#### SUPPLIED RECORDS

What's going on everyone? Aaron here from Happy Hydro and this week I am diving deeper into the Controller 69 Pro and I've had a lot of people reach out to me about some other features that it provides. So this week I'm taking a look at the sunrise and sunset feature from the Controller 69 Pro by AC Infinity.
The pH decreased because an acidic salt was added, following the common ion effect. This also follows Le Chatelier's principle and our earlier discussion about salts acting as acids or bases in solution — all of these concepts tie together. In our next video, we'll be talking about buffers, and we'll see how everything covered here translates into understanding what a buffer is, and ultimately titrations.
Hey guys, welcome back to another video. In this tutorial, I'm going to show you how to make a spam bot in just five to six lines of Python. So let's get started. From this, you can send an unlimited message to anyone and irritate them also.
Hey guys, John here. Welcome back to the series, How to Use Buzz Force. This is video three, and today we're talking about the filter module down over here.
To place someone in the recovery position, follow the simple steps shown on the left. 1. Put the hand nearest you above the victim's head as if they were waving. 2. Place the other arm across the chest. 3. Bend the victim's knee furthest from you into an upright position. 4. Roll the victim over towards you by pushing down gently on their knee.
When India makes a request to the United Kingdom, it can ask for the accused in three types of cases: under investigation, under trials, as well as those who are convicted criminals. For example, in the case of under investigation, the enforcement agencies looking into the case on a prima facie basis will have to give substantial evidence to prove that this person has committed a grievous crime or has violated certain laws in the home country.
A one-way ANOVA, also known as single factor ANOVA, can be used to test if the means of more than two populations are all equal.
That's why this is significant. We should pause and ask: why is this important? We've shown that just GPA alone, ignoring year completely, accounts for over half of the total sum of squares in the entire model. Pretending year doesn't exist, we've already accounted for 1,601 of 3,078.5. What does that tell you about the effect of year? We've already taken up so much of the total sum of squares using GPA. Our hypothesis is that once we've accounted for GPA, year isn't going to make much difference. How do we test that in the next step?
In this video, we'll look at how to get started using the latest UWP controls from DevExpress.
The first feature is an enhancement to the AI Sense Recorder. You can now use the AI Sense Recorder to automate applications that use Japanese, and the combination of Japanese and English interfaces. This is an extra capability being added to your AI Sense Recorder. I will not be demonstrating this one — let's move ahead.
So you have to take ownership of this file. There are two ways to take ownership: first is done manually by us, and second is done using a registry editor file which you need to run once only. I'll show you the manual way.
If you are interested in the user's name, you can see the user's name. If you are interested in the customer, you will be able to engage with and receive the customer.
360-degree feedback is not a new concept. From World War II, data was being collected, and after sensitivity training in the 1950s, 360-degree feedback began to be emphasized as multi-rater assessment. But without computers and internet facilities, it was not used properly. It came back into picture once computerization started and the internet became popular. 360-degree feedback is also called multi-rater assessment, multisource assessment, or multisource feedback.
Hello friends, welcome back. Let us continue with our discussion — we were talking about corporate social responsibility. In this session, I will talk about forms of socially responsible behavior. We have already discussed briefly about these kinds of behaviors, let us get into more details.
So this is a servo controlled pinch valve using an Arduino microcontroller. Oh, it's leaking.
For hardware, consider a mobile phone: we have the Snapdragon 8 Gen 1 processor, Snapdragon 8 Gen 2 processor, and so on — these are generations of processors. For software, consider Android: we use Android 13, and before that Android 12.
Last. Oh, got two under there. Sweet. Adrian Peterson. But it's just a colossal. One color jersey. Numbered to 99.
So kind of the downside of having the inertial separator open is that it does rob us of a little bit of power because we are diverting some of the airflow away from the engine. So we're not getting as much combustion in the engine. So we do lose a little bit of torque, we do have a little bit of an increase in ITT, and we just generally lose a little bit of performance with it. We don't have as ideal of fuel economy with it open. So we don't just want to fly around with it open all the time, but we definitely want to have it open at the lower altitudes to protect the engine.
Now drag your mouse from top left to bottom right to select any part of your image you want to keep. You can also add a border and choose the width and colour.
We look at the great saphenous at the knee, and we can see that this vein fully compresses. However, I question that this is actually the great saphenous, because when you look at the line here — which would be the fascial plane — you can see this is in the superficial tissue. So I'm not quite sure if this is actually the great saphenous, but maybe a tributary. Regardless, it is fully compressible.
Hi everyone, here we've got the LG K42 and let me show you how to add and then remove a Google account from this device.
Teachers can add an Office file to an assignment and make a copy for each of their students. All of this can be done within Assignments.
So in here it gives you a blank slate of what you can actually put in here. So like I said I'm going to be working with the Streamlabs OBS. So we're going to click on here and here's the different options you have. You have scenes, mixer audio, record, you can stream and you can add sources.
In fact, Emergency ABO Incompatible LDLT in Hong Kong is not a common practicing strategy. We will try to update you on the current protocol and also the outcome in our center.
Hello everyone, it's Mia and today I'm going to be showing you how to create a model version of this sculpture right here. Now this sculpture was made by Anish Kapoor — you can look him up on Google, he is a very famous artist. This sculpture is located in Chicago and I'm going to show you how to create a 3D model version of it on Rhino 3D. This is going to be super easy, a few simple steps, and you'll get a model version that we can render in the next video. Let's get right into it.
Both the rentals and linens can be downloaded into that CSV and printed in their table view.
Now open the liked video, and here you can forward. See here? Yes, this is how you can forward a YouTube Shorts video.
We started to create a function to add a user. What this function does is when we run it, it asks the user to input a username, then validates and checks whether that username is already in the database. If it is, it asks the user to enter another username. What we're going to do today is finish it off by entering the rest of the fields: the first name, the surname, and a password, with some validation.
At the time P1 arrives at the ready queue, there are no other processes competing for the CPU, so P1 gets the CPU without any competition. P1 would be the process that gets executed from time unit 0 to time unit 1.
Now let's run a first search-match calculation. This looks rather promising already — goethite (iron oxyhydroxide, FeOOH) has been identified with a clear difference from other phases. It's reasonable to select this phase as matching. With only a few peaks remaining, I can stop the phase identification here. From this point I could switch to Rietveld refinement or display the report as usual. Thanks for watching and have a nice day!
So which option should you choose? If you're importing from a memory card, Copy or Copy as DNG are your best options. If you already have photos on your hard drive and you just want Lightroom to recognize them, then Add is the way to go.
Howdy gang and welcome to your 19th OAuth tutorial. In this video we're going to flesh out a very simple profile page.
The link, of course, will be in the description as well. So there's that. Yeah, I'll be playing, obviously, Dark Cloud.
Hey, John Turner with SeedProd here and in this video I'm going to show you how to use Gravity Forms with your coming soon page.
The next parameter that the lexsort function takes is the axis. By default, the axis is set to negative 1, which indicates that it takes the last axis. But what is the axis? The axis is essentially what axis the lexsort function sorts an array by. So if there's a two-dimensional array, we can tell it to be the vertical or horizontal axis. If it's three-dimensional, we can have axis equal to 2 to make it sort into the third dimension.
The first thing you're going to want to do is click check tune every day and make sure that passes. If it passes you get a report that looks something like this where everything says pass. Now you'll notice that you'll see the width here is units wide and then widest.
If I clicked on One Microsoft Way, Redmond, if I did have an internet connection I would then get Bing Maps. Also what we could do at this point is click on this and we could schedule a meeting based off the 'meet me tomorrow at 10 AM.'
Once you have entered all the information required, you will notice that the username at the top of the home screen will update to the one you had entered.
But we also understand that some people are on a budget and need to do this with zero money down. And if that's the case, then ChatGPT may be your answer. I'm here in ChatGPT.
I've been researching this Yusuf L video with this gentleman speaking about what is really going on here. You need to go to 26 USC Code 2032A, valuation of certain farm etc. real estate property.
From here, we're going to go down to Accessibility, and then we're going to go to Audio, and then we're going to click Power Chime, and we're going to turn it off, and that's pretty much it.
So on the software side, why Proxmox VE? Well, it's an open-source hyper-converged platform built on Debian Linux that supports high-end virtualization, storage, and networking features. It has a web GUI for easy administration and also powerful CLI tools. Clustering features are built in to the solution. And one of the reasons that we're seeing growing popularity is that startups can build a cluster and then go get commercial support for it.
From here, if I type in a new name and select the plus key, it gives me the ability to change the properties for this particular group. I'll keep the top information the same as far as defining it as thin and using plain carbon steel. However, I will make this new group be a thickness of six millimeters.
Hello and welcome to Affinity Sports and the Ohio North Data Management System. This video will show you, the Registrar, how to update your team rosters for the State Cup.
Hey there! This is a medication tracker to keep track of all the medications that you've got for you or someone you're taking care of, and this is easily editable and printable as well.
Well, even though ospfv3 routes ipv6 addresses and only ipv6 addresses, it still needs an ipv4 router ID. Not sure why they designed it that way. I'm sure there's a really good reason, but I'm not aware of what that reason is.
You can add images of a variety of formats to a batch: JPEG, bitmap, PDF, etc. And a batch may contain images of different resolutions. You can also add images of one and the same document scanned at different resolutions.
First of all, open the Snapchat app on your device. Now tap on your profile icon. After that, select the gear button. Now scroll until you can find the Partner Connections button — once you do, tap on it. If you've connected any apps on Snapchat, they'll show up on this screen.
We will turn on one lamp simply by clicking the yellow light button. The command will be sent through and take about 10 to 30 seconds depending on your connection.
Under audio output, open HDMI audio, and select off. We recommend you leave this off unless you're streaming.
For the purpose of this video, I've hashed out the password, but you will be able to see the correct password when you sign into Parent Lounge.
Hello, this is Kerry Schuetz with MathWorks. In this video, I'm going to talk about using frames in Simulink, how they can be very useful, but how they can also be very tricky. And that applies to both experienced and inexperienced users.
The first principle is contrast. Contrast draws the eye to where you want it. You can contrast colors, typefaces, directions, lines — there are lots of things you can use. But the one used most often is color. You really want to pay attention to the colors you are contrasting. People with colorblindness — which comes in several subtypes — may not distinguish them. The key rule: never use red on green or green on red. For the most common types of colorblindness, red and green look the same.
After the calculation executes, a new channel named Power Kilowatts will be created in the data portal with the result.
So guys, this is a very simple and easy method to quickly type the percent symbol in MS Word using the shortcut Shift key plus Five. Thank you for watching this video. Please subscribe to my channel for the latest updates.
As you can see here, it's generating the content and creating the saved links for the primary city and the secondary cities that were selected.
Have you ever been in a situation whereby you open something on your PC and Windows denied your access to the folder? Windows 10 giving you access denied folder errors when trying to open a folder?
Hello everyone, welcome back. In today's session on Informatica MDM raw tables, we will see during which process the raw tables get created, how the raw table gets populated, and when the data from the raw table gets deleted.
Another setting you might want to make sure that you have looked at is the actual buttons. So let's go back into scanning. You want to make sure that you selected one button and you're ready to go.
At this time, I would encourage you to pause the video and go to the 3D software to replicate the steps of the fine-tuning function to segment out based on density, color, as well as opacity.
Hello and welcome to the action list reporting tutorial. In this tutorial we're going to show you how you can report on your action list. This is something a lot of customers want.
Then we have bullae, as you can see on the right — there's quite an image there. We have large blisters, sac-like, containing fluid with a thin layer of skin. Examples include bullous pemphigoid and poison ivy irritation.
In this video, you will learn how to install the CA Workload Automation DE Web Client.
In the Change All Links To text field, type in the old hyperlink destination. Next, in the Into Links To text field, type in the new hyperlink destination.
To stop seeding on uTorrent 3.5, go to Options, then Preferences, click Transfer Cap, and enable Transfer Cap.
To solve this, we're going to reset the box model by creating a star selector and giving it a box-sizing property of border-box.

########

WHAT TO DO
Scan the lines above for "But we also" and for "From here, we're". Repeat exactly the line holding each of them and every line in between.

SOLUTION
But we also understand that some people are on a budget and need to do this with zero money down. And if that's the case, then ChatGPT may be your answer. I'm here in ChatGPT.
I've been researching this Yusuf L video with this gentleman speaking about what is really going on here. You need to go to 26 USC Code 2032A, valuation of certain farm etc. real estate property.
From here, we're going to go down to Accessibility, and then we're going to go to Audio, and then we're going to click Power Chime, and we're going to turn it off, and that's pretty much it.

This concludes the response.